Steve Largent held six major pass-receiving records when he retired from pro football: career pass receptions (819), 50 or more receptions in a season (10), consecutive games with at least one catch (177), yards on pass receptions (13,089), seasons with 1,000 or more yards on receptions (eight), and career touchdown receptions (100). All this by a receiver who the Houston Oilers thought was too small and slow to make it in the pros.
An All-Missouri Valley Conference wide receiver at the University of Tulsa, Largent (born 1954) was selected almost as an afterthought by the Oilers in the fourth round of the 1976 draft.
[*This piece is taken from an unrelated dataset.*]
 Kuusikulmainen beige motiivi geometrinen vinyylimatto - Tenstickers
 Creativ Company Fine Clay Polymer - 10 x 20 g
He caught only two passes before being cut following the Oilers' fourth pre-season game. "I cried all the way from Houston to Oklahoma City," Largent admitted. "I thought football was over for me."
Instead it was just beginning. Seattle Seahawks assistant coach Jerry Rhome, who had been on the Tulsa coaching staff, recommended Largent to head coach Jack Patera.
The expansion Seahawks gave the Oilers an eighth-round draft pick for the castoff receiver. It was the catch of the century for the Seahawks.
Largent became an almost instant star with the Seahawks with 54 receptions, third best in the NFC, in his rookie season.
In eight of the nine seasons from 1978-86-every year except the strike-shortened season in 1982-Largent had 66 or more receptions. He had 70 or more catches six times. He led the NFL in receiving in 1979 and 1985.
A possession receiver with just average speed, Largent quickly became known for his precise routes, sure hands, determination, and concentration.
His complete mind and body coordination allowed his body to talk, lie, cheat, and steal on the best defensive backs in football. "Running routes became a science to me," Largent said. An NFL Man of the Year winner (1988), Largent was elected to the Pro Football Hall of Fame in 1995.